Tuesday, November 24, 2015

Why Defeating ISIS Requires More Coordination

The downing of a Russian warplane is an unfortunately event that takes away from the bigger responsibility to defeat the radical ideology of ISIS. Coordination of teams to achieve some goal means that people and nations should not act outside of that goal or otherwise old rivalries will rear their head and destroy the possibilities of success; something ISIS likely hopes will happen. Greater coordination will help ensure that mistakes and old grudges don't allow an enemy to continue to exploit miscommunication and misdirection.

One of the advantages ISIS has is that they have a unified ideology that is supported by a large network of followers. They were able to build their pseudo nation-state right on the fault lines of ancient grievances.
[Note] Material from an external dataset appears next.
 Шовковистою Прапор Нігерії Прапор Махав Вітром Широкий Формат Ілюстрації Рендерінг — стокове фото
The fights between Sunni and Shia created natural socio-economic barriers that ensure they can count on a lack of coordinated efforts. Their enemies are already split!
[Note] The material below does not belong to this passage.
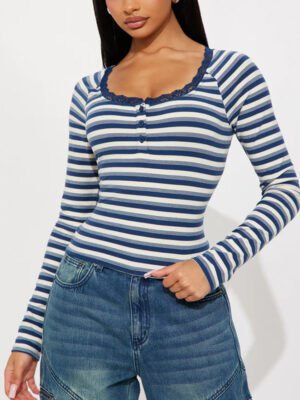 High Quality Long Sleeve Henley Women Top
That same problem occurs in Cold War schisms that plague the East and West. There is no moral judgement being made here. It is only a discussion on coordination. To win an enemy like ISIS means that old grievance must temporarily be put on the back burner and rules of engagement need to be clearly defined. Confusion, defiance, tit for tat, and grudges can destroy any team.

I look at this from the perspective of a team builder where a lack of purpose and weak rule governance creates problems for the successful completion of any project. Having so many different nations with different agendas, religions, economic, politics and military interests in the same small area is bound to end in a lot of toe stepping and finger pointing. A little patience is needed by all parties. Take the finger off the trigger and put in place temporary rules of engagement.

There is really only one opportunity to defeat ISIS. A mass of ideological radicals in one spot means the world has the chance to show that pure hate has no place in civilized society. Rallying the world to one cause means greater global coordination but also offers a chance to cut off funding, slow access to arms, analyze behaviors, and contain the threat. If they are not defeated precisely here, there is the possibility this will go on for generations playing out on various levels across the globe.